(GIVEN RECORDS Opens)

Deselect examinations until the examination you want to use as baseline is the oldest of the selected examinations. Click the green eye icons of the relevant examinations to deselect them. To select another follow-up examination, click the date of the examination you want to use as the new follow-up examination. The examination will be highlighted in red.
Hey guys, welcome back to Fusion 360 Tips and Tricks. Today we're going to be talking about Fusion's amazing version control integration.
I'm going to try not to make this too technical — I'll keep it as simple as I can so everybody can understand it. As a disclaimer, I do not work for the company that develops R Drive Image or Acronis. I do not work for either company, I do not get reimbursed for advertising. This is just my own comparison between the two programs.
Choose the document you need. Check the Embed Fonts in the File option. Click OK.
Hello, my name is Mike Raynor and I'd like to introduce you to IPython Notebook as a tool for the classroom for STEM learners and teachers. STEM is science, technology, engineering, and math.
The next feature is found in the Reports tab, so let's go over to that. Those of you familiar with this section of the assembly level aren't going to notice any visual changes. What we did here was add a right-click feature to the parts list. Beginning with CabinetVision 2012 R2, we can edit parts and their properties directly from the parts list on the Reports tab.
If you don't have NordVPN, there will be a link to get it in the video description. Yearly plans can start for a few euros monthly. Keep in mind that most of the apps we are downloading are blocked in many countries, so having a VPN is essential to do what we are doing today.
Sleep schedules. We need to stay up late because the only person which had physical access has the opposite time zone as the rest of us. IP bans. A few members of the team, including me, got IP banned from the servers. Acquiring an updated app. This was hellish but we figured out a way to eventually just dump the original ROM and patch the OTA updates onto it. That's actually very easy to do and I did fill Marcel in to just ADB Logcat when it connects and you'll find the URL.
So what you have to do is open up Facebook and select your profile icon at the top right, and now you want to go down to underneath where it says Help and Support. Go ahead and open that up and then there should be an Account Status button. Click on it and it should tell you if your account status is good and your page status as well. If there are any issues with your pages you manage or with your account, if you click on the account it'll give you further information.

(GIVEN RECORDS Closes)
(GIVEN RECORDS Opens)

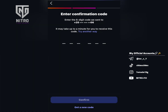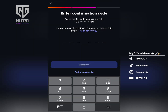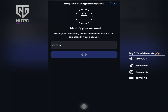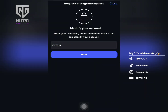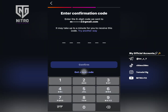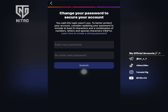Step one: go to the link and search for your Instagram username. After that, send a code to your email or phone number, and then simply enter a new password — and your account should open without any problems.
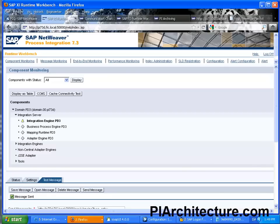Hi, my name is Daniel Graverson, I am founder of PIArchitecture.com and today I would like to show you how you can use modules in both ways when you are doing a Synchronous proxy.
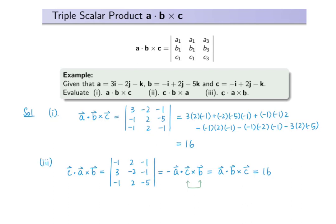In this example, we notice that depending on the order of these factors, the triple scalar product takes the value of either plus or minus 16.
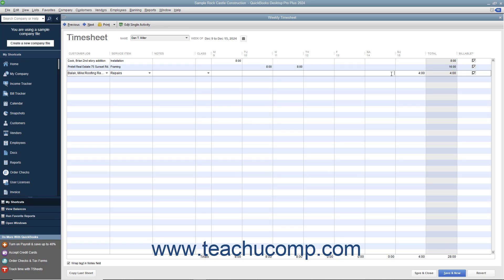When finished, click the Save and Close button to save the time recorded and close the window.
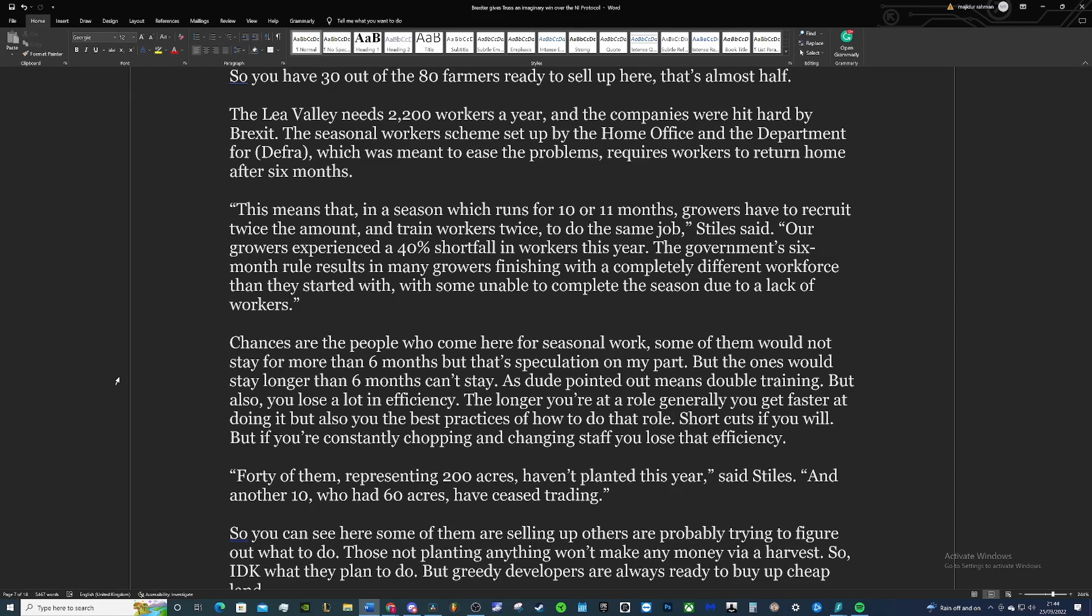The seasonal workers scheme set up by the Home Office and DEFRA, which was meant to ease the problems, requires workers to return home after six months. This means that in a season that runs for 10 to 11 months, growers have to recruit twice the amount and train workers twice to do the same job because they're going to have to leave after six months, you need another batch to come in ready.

(GIVEN RECORDS Closes)

**INSTRUCTIONS FOR THE TASK**: In the records above, find the line with "When finished, click" and the line with "The seasonal workers". Write out exactly those lines and every one between, with no pictures and no other lines.

**SOLUTION TO THIS EXERCISE**:
When finished, click the Save and Close button to save the time recorded and close the window.
The seasonal workers scheme set up by the Home Office and DEFRA, which was meant to ease the problems, requires workers to return home after six months. This means that in a season that runs for 10 to 11 months, growers have to recruit twice the amount and train workers twice to do the same job because they're going to have to leave after six months, you need another batch to come in ready.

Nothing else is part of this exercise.